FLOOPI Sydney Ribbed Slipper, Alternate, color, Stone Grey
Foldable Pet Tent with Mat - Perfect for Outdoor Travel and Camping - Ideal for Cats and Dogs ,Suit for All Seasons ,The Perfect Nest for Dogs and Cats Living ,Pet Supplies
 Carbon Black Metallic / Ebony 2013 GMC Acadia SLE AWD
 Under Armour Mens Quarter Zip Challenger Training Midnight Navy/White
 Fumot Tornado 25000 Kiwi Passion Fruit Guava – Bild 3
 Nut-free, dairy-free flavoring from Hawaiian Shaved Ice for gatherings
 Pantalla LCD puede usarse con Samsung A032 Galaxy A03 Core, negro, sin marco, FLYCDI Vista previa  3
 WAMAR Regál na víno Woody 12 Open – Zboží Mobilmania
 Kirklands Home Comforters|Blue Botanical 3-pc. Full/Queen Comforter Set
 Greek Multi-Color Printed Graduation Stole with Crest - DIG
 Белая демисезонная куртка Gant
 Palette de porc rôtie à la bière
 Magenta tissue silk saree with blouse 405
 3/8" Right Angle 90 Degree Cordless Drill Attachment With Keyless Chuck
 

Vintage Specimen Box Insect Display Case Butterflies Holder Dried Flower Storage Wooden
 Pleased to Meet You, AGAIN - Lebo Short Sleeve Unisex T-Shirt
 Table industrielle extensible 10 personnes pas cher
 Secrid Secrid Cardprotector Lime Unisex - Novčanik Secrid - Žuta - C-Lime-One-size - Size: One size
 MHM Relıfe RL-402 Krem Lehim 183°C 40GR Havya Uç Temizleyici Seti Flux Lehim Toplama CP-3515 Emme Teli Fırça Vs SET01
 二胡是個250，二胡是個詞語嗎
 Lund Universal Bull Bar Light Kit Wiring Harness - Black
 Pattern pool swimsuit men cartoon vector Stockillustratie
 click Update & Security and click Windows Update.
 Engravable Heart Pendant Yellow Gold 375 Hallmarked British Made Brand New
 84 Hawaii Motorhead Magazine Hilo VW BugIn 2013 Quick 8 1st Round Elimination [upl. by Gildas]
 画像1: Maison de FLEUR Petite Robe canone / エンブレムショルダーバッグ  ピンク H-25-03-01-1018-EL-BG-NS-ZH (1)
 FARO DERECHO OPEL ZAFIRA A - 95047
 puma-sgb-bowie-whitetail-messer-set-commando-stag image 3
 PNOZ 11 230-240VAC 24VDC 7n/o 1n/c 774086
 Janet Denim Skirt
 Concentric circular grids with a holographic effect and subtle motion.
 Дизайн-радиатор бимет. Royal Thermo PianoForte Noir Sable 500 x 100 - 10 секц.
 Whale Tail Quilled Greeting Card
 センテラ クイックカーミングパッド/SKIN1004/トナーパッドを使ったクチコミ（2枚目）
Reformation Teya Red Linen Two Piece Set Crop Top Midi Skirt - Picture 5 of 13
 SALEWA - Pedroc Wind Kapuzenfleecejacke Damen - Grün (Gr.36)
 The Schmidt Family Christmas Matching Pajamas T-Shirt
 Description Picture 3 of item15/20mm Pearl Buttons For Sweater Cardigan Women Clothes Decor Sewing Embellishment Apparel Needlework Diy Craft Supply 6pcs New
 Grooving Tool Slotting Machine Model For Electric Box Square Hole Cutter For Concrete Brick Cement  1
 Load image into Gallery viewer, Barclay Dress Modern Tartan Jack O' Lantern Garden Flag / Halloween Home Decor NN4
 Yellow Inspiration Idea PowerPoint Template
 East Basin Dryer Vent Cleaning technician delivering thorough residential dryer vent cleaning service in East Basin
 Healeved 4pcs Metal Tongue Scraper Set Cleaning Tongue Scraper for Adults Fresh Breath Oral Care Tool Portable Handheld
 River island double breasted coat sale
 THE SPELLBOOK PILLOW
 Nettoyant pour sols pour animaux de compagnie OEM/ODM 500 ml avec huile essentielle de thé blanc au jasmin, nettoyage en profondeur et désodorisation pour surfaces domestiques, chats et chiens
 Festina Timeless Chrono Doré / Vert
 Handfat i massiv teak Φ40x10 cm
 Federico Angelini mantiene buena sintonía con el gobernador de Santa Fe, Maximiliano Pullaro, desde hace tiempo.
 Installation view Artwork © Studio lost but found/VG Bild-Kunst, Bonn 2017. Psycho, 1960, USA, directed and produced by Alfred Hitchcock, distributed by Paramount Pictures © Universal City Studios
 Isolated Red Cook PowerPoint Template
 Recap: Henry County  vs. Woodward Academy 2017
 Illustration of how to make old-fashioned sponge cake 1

····················

Report every line of the entries that carries the word "Tool".

Reply to the exercise
 Grooving Tool Slotting Machine Model For Electric Box Square Hole Cutter For Concrete Brick Cement  1
 Healeved 4pcs Metal Tongue Scraper Set Cleaning Tongue Scraper for Adults Fresh Breath Oral Care Tool Portable Handheld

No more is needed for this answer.